Imagine this. In June, I found myself paddling around Algonquin Park - a 20-day route that's titled "The Meanest Link" due to it having 93 portages! It was a challenging but rewarding time spent in the wilderness, and the only truly frustrating point was meeting up with other paddlers. It was day 14 and my canoemate, Andy Baxter, and I hadn't seen many people so far. The last section of the loop, however, was tangibly close to a busy stretch of the park, which is exactly where we began having people problems.
Andy and I were portaging straight through a campground located along the highway corridor and came upon a group of campers heading down to the beach. It was a narrow trail, one that could only fit Andy and I single file, me carrying a colossal pack and Andy shouldering a sizable canoe. Of course, the group walking down to the beach, carrying only towels and flip-flops, decided they had the right of way and literally sent Andy and I crashing off trail to get around them.
I simply lost it with them, throwing my pack down and verbally abusing each member of the group. They stood there dumbfounded, wondering why on earth I was so upset that Andy and I didn't get the right of way. Their beach towels must have been heavy I guess.
At the end of the portage we meet up with another crowd. This time half-a-dozen camp kids were resting and having a snack at the put-in. They hadn't left room for Andy or I to get past and launch our canoe. I lost my temper again and sounded off the rules of the portage. They also looked puzzled at my reaction.

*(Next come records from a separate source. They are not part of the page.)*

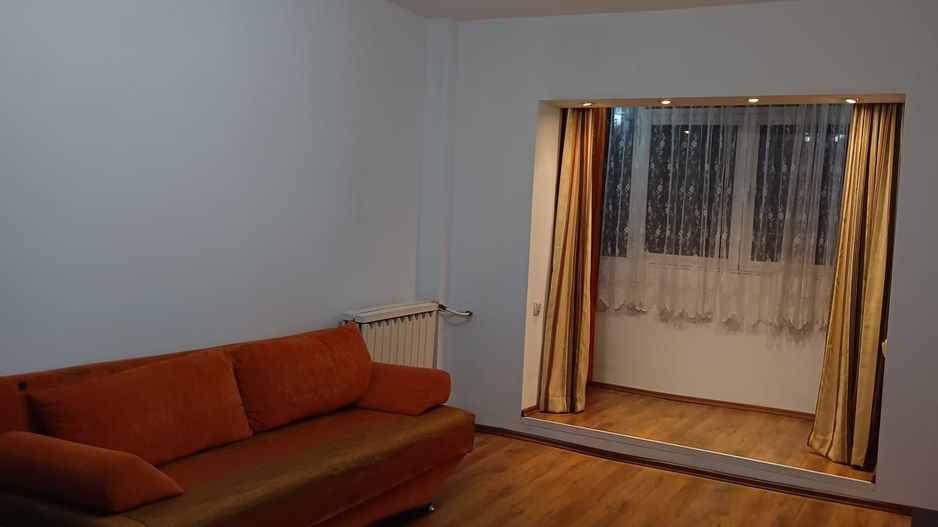 AP. 2 CAMERE PIATA SUDULUI, PET-FRIENDLY, BUCATARIE INCHISA, METROU - Poză 2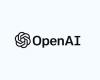 OpenAI تعتزم إطلاق نموذج Sora الجديد خلال العام الجاري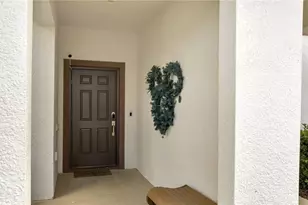 1557 Sandbagger Dr, Davenport, FL 33896 - Photo 1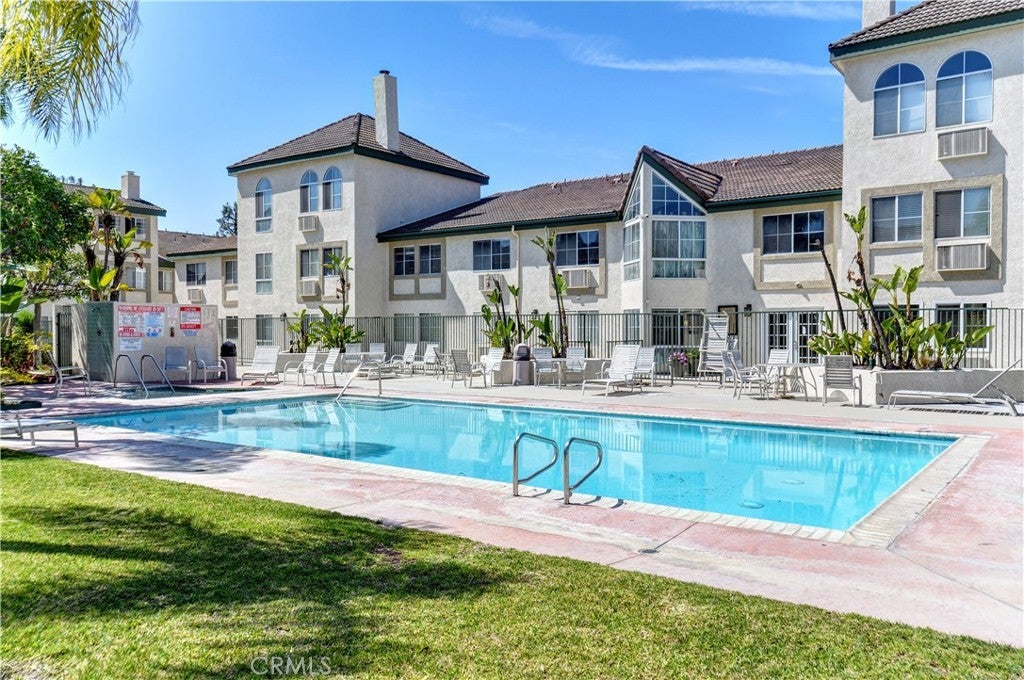 15000 Downey Avenue 244, Paramount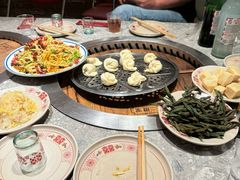 -二胖家铁锅炖大鹅(双井店)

Is it just me that feels that bad manners - or at least common sense and good behavior - no longer exists out in the woods? It seems the world out there has become some type of self-interest society. It even seems less people are even saying hello to you on the portage. I find this absurd.
The problem with ignoring others and having bad manners while traveling remote wilderness areas, besides being characterized as brash and unmannerly, is that you never know if you'll need help. It was my father who taught me this. He always insisted I say hello, maybe even have a quick conversation with the people we met in the woods.
My dad's lesson echoed in my head as things turned dire for an ill-fated group of three paddlers I encountered last October. White-capped waves were forming and the air temperature hovered just above freezing. Midway across the lake, the paddlers capsized and yelled for help. Their canoe was overloaded with lawn chairs and a beer cooler, their clothes and sleeping bags weren't packed in waterproof bags. None of them wore lifejackets.
Earlier that day on a portage, the trio had encountered my canoemate and I but didn't return our friendly gesture of a simple hello and a quick question of how their trip was going. In return, they completely ignored us and continued on their way.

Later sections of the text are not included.